Automated Nanocrystalline Sponge Workflow Enabled by 3D Electron Diffraction
Sofiia Butonova, Yinlin Chen, Jung Cho, Marcus Wallin, Zhehao Huang, Xiaodong Zou

TL;DR
A new automated workflow using nanocrystalline sponges and 3D electron diffraction enables high-throughput structural analysis of organic molecules.
Contribution
An automated workflow combining nanocrystalline sponges and 3D electron diffraction for high-throughput structural analysis of organic molecules.
Findings
A nanocrystalline bismuth-based MOF (SU-100) was successfully used as a crystalline sponge for 10 organic molecules.
3D electron diffraction data enabled automated identification and refinement of guest molecules under low electron fluence and cryogenic conditions.
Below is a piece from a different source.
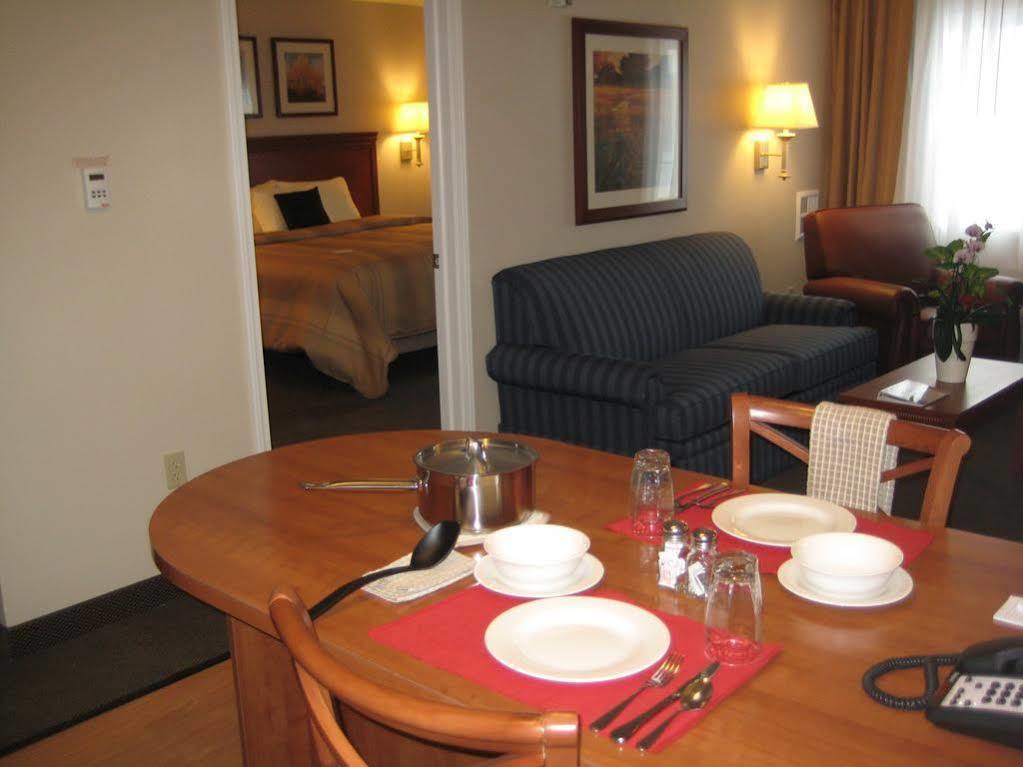 Candlewood Suites Kalamazoo By Ihg Стая снимка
Guest molecules in SU-100 pores are arranged periodically through coordination, hydrogen, and π–π stacking interactions.
Abstract
The crystalline sponge (CS) method utilizes a crystalline porous material to arrange target molecules within its periodic pores. This enables the determination of the 3D atomic structures of organic molecules without the need for crystallization. However, its applicability is currently limited by the availability of suitable porous single crystals that can grow to a sufficient size for X-ray diffraction analysis. Although three-dimensional electron diffraction (3D ED) allows structure determination from nanosized crystals, ab initio structural analysis of organic molecules hosted in nanocrystalline sponges remains challenging and largely manual. Here, we present a 3D ED-based nanocrystalline sponge (NanoCS) workflow that integrates guest soaking, low-dose cryogenic data collection, and automated structure solution and refinement. A key advance is a newly developed automated approach for…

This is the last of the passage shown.